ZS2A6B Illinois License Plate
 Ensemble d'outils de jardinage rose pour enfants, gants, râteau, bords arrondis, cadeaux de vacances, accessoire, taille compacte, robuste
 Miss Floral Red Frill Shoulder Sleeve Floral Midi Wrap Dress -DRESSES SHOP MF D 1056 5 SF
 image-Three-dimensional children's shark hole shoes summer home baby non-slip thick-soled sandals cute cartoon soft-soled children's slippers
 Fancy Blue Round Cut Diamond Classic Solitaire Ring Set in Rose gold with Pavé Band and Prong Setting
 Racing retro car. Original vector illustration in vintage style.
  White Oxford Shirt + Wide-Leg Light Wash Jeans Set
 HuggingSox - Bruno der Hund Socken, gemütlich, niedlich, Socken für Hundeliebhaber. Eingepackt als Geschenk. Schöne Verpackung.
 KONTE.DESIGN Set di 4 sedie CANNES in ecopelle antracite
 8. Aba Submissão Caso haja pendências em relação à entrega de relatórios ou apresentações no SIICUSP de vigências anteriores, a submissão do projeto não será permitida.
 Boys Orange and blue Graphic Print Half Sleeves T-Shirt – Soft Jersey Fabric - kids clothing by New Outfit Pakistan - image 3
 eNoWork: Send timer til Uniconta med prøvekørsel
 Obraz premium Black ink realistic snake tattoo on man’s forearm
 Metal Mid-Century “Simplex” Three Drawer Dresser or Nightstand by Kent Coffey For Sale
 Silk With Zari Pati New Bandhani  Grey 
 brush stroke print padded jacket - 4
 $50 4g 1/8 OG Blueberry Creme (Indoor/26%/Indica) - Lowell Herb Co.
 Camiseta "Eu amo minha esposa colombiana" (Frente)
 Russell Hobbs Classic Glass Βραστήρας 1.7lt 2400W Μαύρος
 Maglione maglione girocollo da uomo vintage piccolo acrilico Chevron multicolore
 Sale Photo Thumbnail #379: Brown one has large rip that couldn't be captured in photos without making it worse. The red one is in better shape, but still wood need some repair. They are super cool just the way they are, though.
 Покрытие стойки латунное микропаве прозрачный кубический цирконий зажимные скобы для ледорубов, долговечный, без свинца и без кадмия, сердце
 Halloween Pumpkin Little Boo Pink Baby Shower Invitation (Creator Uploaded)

▶ **Work to be completed**
Could you restate word for word the lines above, from the one that contains "Ensemble d'outils de" through the one that contains "eNoWork: Send timer", and no others?

▶ **Exercise output**
 Ensemble d'outils de jardinage rose pour enfants, gants, râteau, bords arrondis, cadeaux de vacances, accessoire, taille compacte, robuste
 Miss Floral Red Frill Shoulder Sleeve Floral Midi Wrap Dress -DRESSES SHOP MF D 1056 5 SF
 image-Three-dimensional children's shark hole shoes summer home baby non-slip thick-soled sandals cute cartoon soft-soled children's slippers
 Fancy Blue Round Cut Diamond Classic Solitaire Ring Set in Rose gold with Pavé Band and Prong Setting
 Racing retro car. Original vector illustration in vintage style.
  White Oxford Shirt + Wide-Leg Light Wash Jeans Set
 HuggingSox - Bruno der Hund Socken, gemütlich, niedlich, Socken für Hundeliebhaber. Eingepackt als Geschenk. Schöne Verpackung.
 KONTE.DESIGN Set di 4 sedie CANNES in ecopelle antracite
 8. Aba Submissão Caso haja pendências em relação à entrega de relatórios ou apresentações no SIICUSP de vigências anteriores, a submissão do projeto não será permitida.
 Boys Orange and blue Graphic Print Half Sleeves T-Shirt – Soft Jersey Fabric - kids clothing by New Outfit Pakistan - image 3
 eNoWork: Send timer til Uniconta med prøvekørsel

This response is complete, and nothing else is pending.